_DATA PROVIDED_
====================

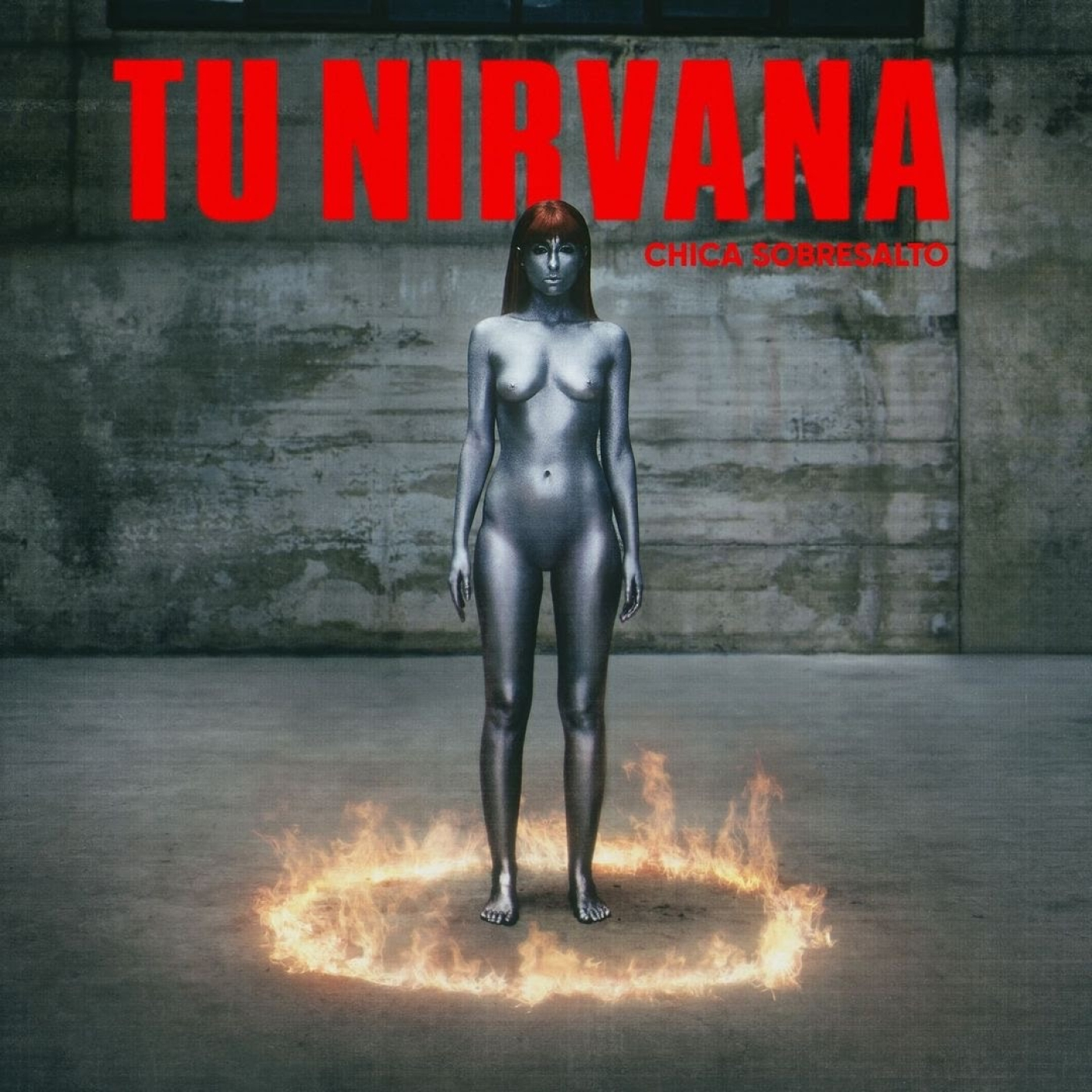 TM305 Chisa Sobresalto, Norte Perdido, Rumia y más novedades musicales episode artwork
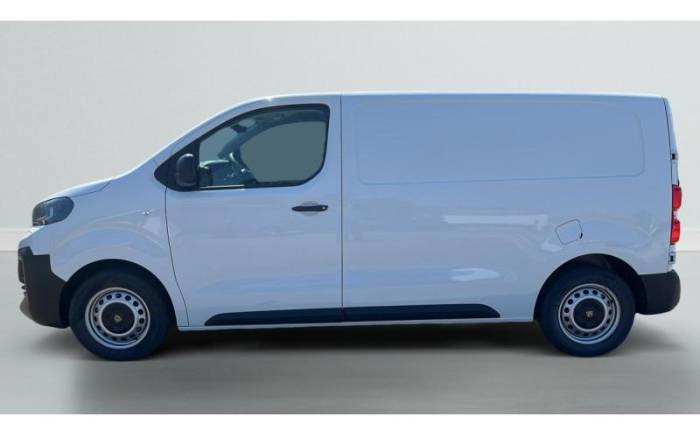 PEUGEOT EXPERT FOURGON M DIESEL 120 CH MANUELLE
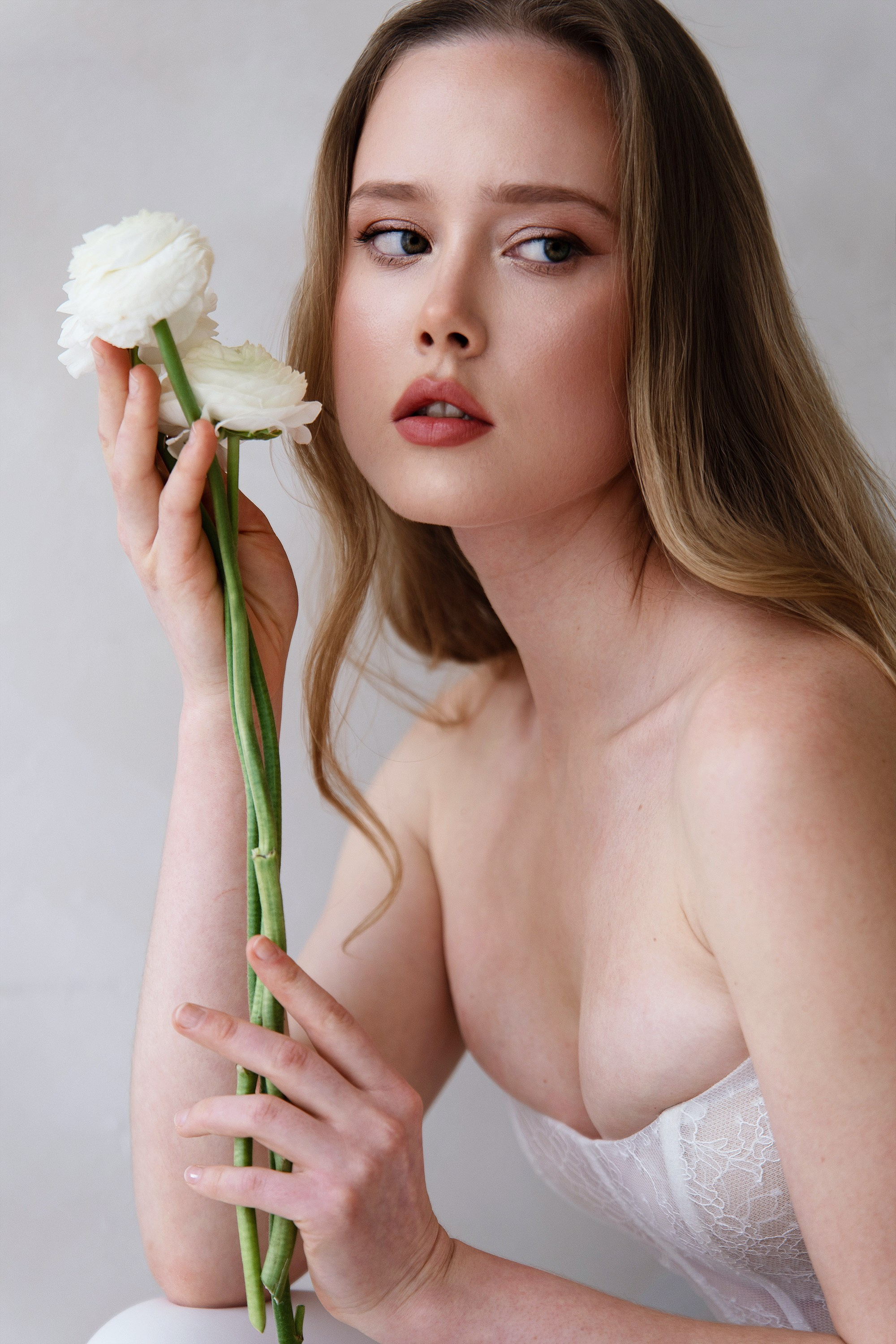 Brides Album (Bridal Makeup). Makeup artist and Hair stylist in London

====================

_AIM OF THE TASK_
Could you repeat each line above exactly as written? Omit the pictures.

_SOLUTION TO THE PROBLEM_
 TM305 Chisa Sobresalto, Norte Perdido, Rumia y más novedades musicales episode artwork
 PEUGEOT EXPERT FOURGON M DIESEL 120 CH MANUELLE
 Brides Album (Bridal Makeup). Makeup artist and Hair stylist in London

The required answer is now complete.